### Exercise requirements
Bring back every record exactly, except for the pictures, which stay out.

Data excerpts
-*-

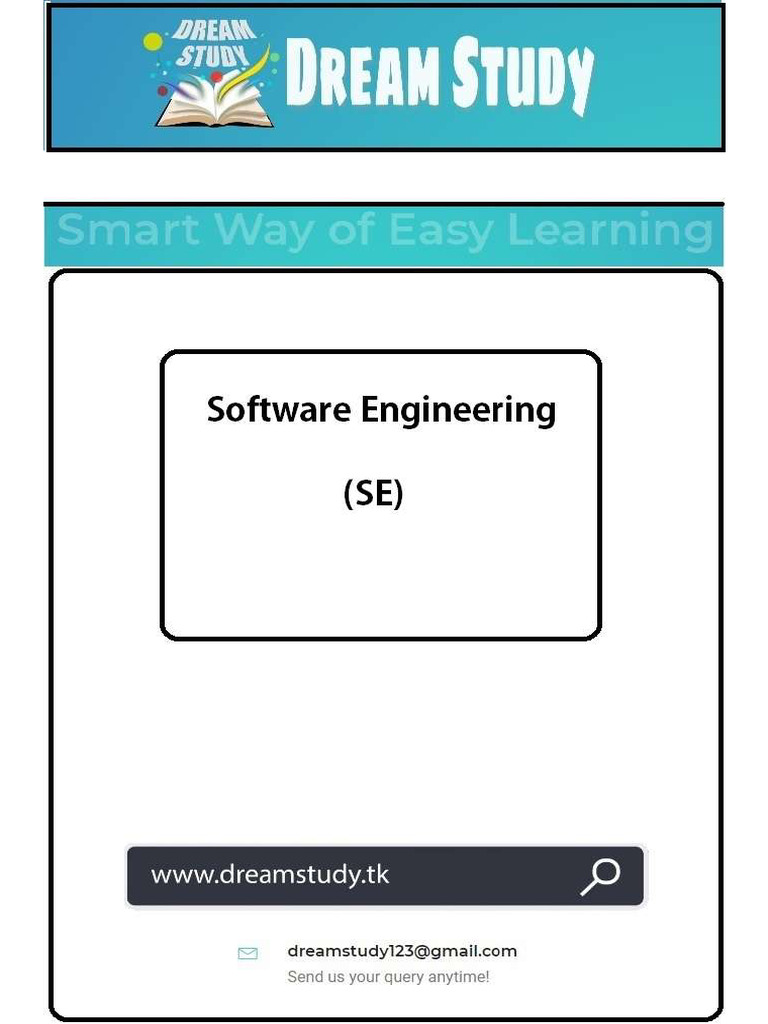 Merged 1 2 3 4 Software Engineering (WWW - Dreamstudy.tk) | PDF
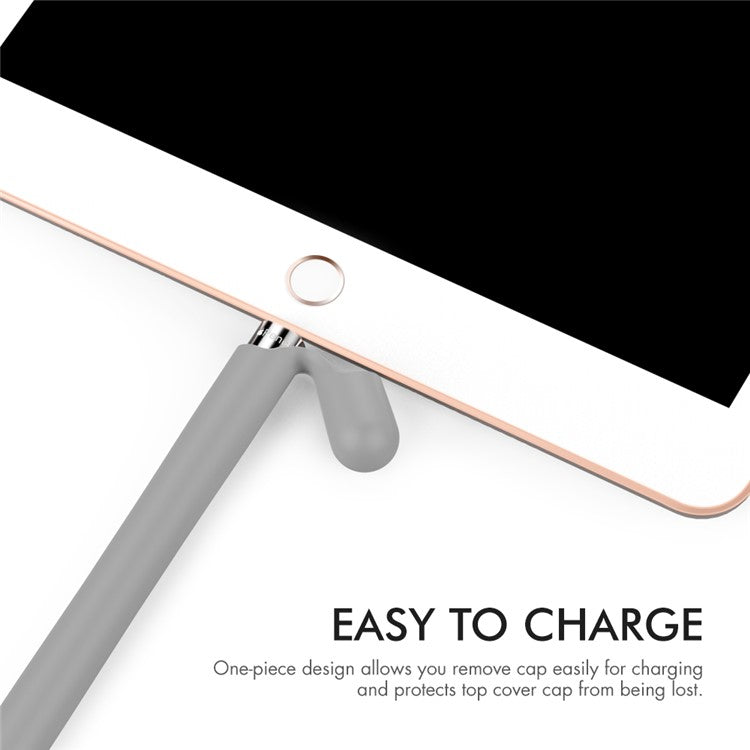 AHASTYLE PT93 Silicone Case for Apple Pencil (1st Generation), Stylus Pen Sleeve Skin-touch Capacitive Pen Cover - Grey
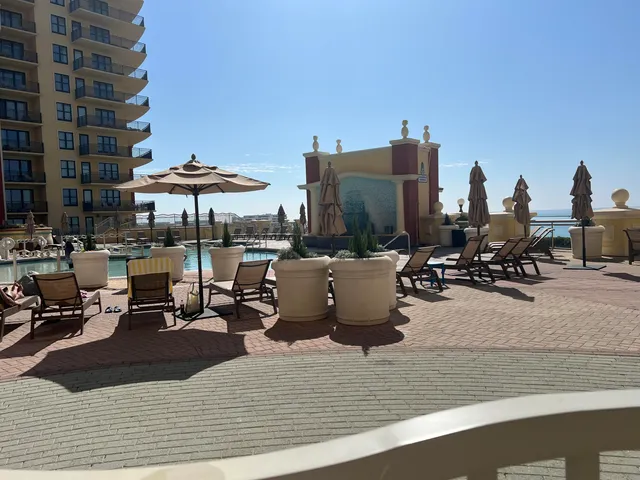 a view of outdoor space with seating area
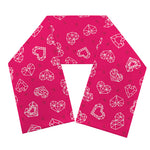 Valentine's Day Geometric Heart Print Scarf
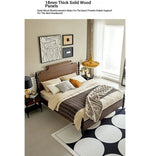 Elegant Solid Red Oak Bed Frame - Sturdy Design with Long Planks, No Splicing for Ultimate Comfort hsxz-2163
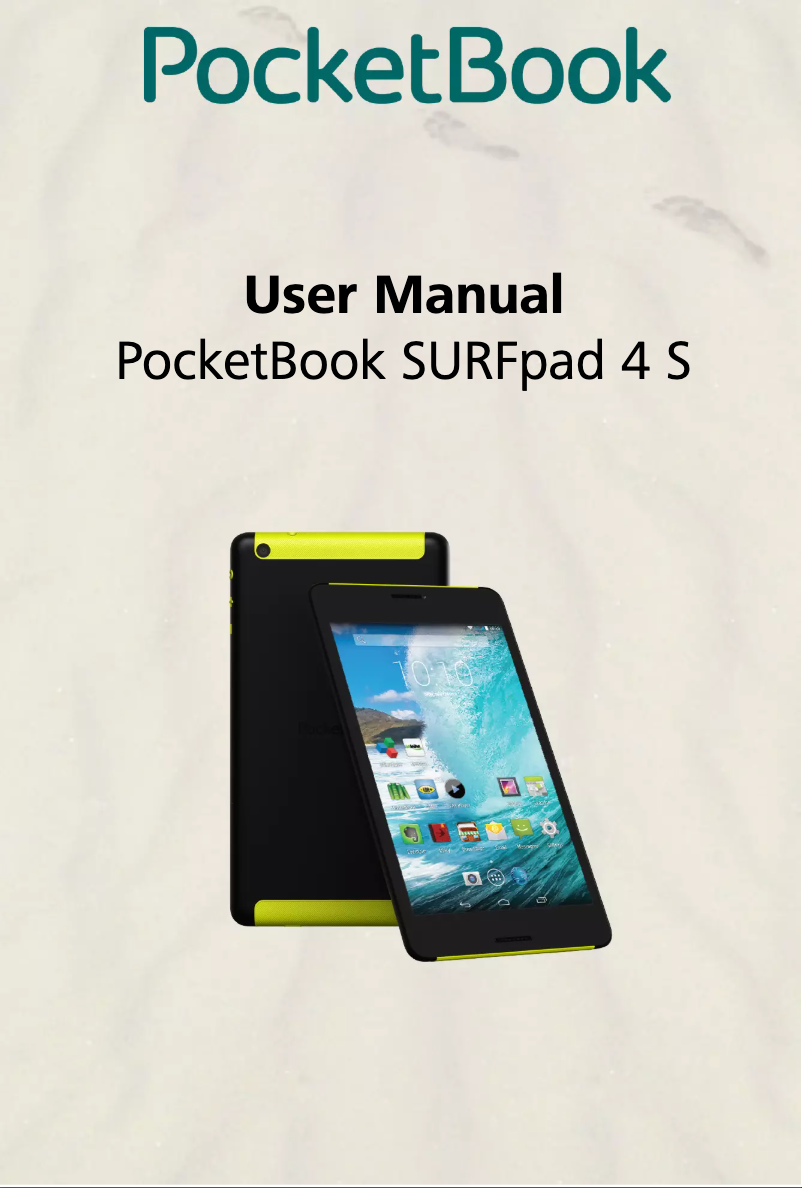 Image de la première page du manuel de l'appareil SURFpad 4 S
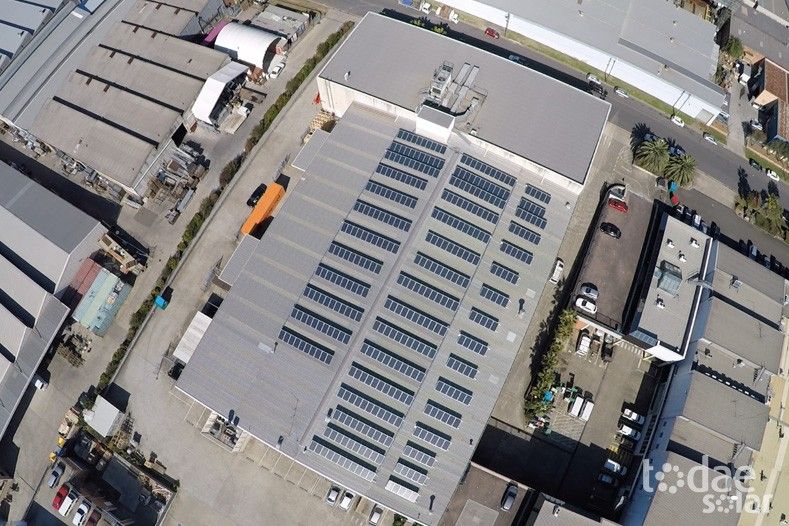 Gilbarco 100kW Solar Installation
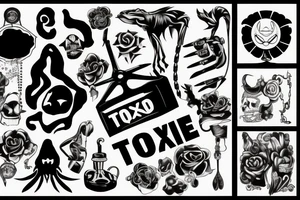 word "Toxic" as description of me tattoo idea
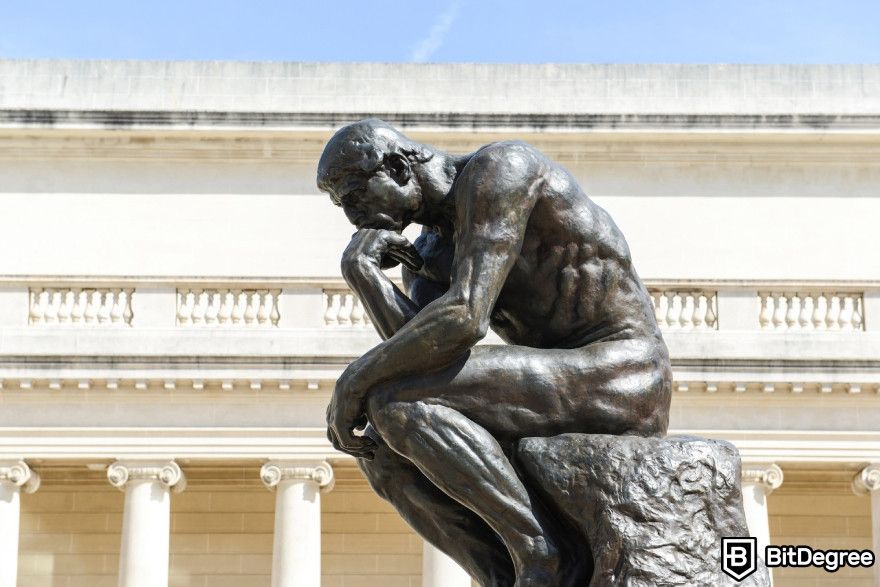 Omniverse meaning: The Thinker statue.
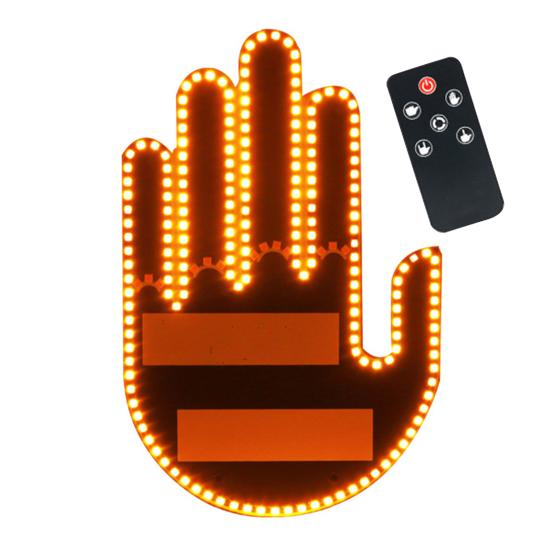 Car Gesture Tail Light LED Indicator with Remote Control Easy Install Back Window Sign Battery-powered Car Indicator Beam Car Gadget for Fun Safety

-*-

### The completed task
 Merged 1 2 3 4 Software Engineering (WWW - Dreamstudy.tk) | PDF
 AHASTYLE PT93 Silicone Case for Apple Pencil (1st Generation), Stylus Pen Sleeve Skin-touch Capacitive Pen Cover - Grey
 a view of outdoor space with seating area
 Valentine's Day Geometric Heart Print Scarf
 Elegant Solid Red Oak Bed Frame - Sturdy Design with Long Planks, No Splicing for Ultimate Comfort hsxz-2163
 Image de la première page du manuel de l'appareil SURFpad 4 S
 Gilbarco 100kW Solar Installation
 word "Toxic" as description of me tattoo idea
 Omniverse meaning: The Thinker statue.
 Car Gesture Tail Light LED Indicator with Remote Control Easy Install Back Window Sign Battery-powered Car Indicator Beam Car Gadget for Fun Safety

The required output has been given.